# Pictures with short captions

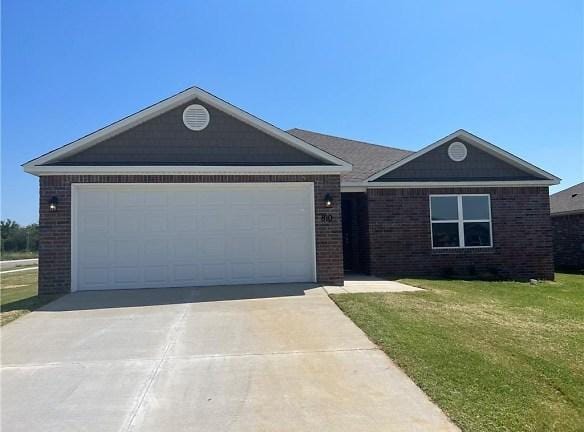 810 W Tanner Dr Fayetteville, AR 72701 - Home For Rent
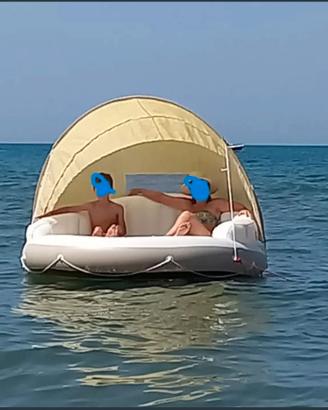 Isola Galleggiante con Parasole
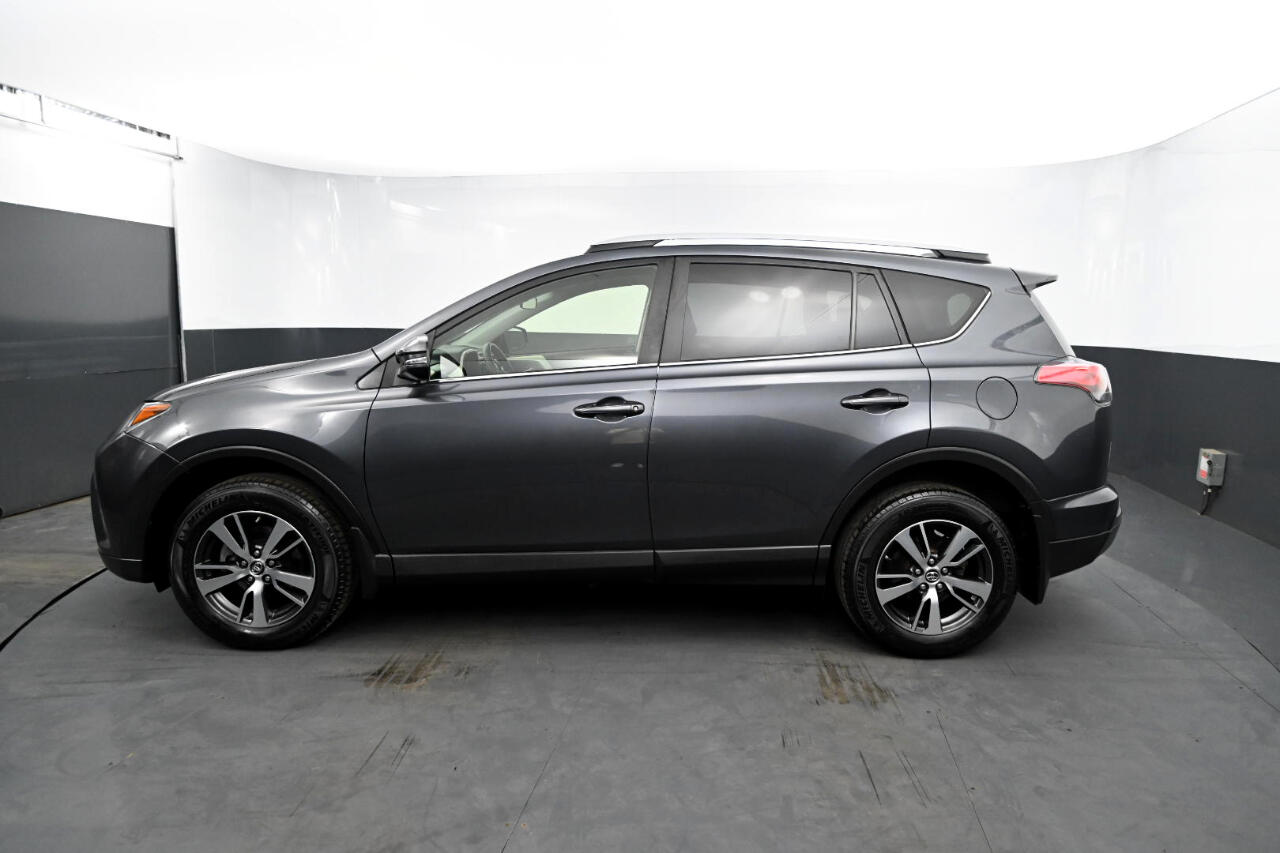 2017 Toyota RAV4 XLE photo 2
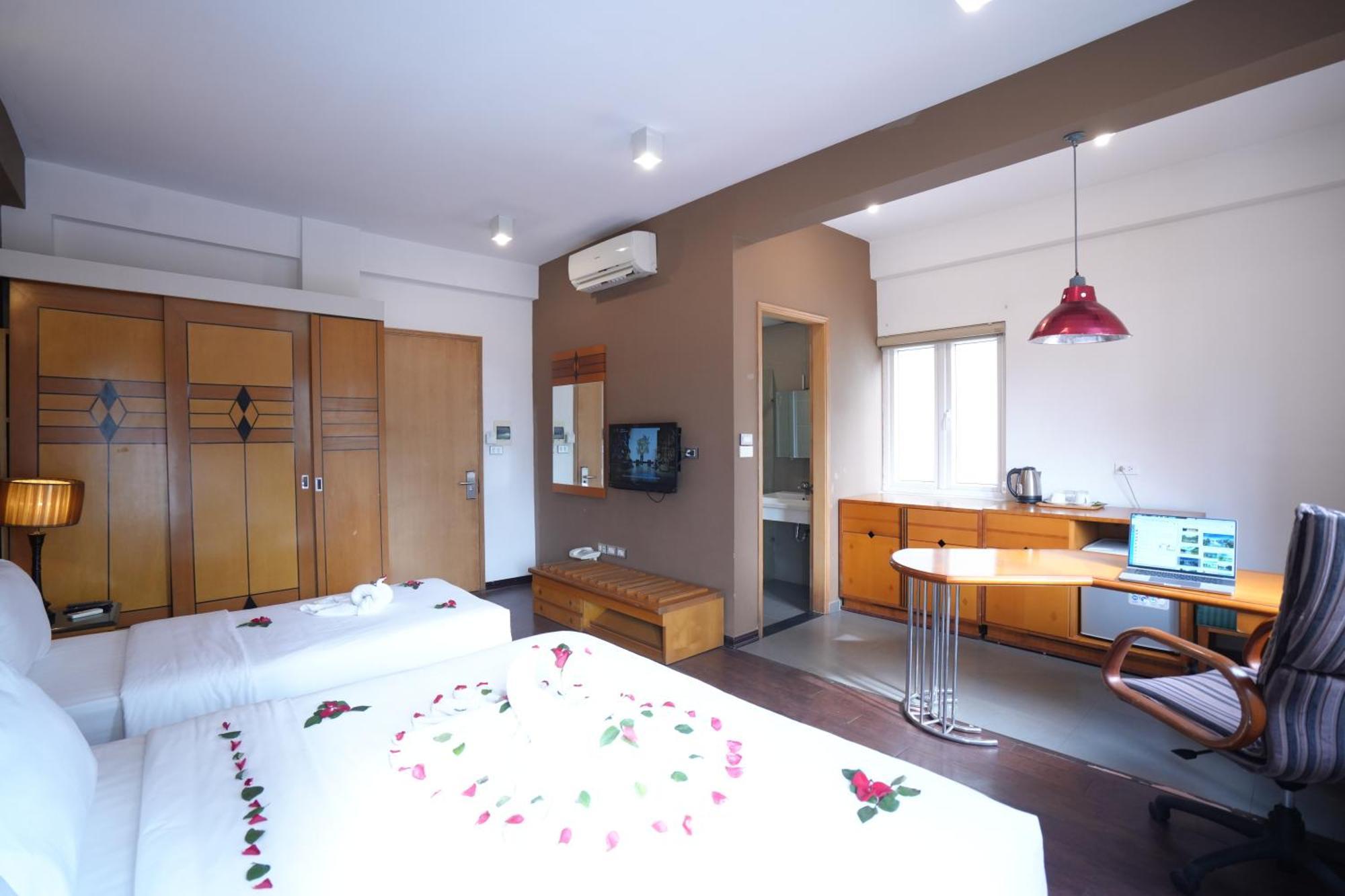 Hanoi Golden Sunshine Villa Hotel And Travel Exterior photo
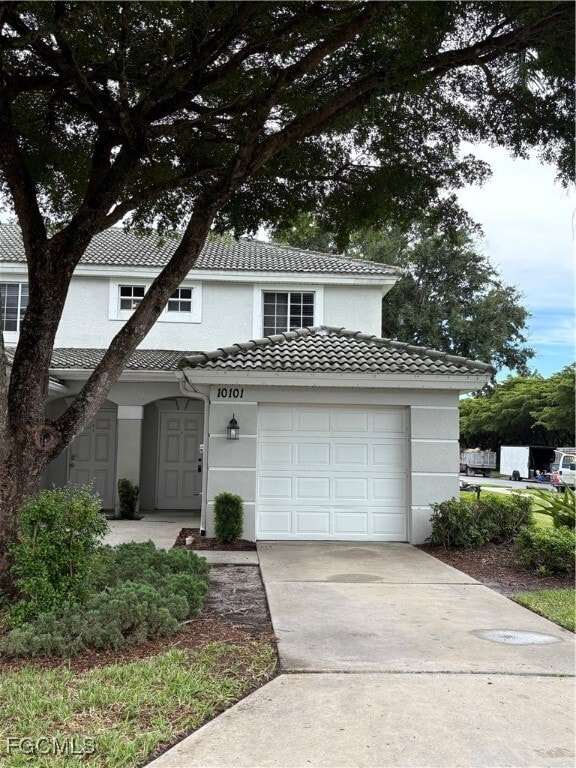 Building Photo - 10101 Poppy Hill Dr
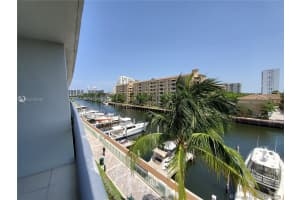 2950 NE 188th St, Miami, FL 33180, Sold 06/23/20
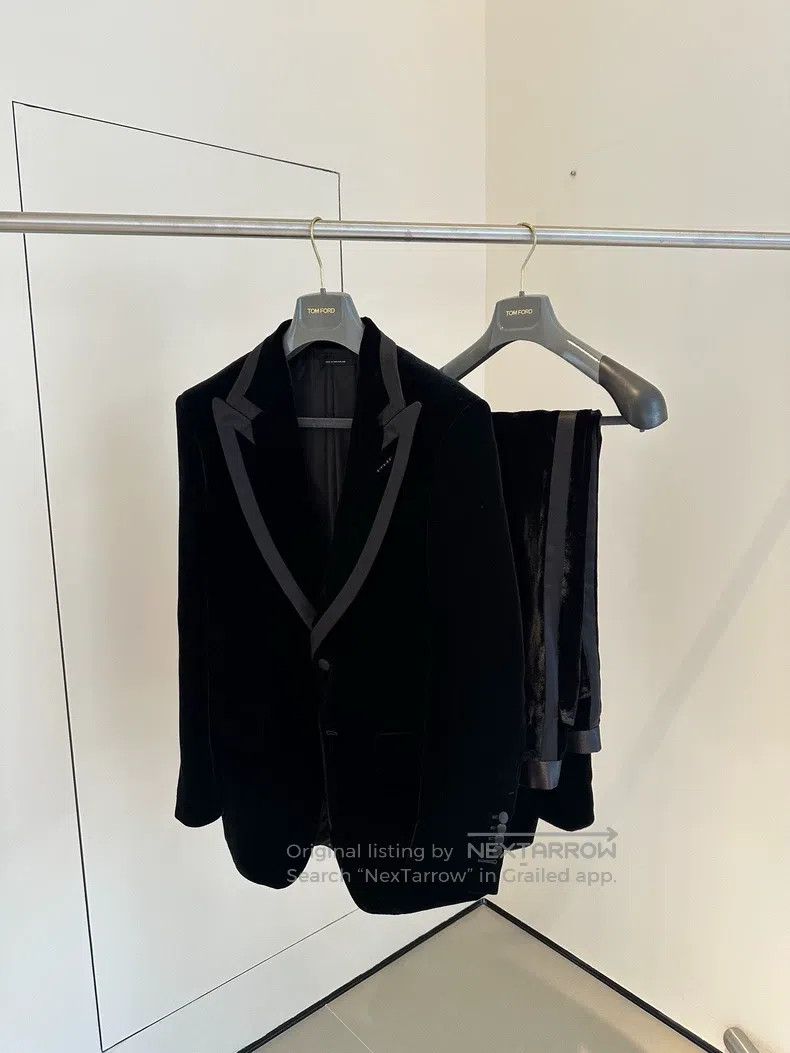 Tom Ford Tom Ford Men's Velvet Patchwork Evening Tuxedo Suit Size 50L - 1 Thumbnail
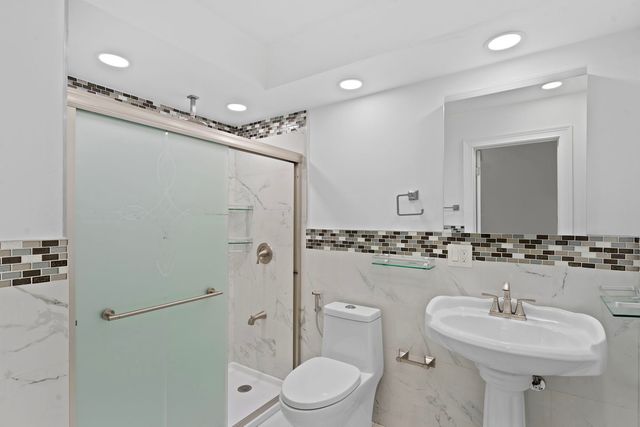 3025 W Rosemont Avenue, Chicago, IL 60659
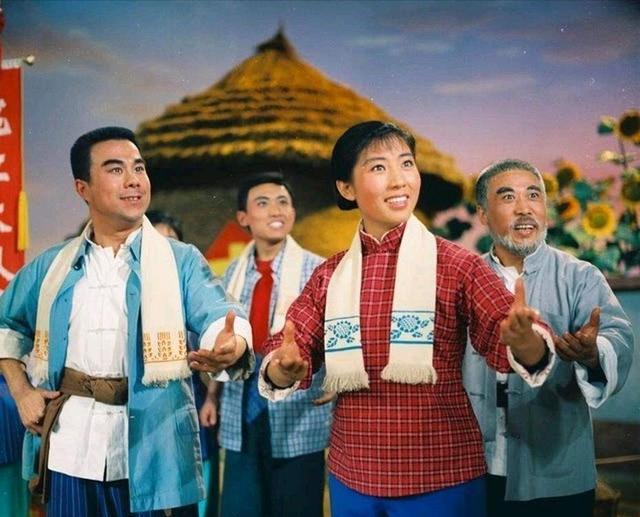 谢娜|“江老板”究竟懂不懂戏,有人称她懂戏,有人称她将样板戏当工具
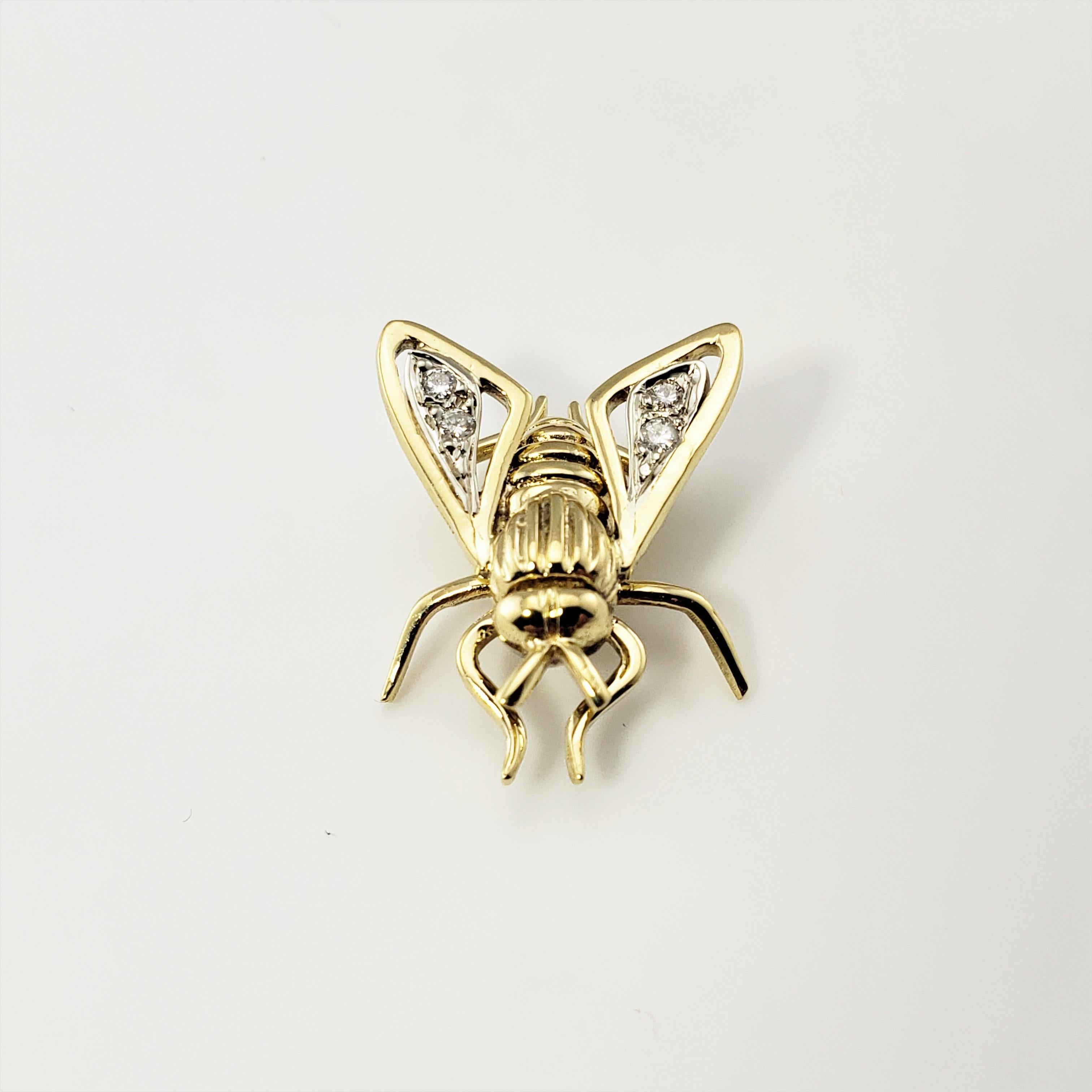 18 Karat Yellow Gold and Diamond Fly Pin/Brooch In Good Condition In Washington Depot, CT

# Exercise objective
All lines from the one with "3025 W Rosemont Avenue, Chicago, IL 60659" through the end of the records above must be reproduced exactly, both ends included, and the pictures must be left out.

# Output of the exercise
 3025 W Rosemont Avenue, Chicago, IL 60659
 谢娜|“江老板”究竟懂不懂戏,有人称她懂戏,有人称她将样板戏当工具
 18 Karat Yellow Gold and Diamond Fly Pin/Brooch In Good Condition In Washington Depot, CT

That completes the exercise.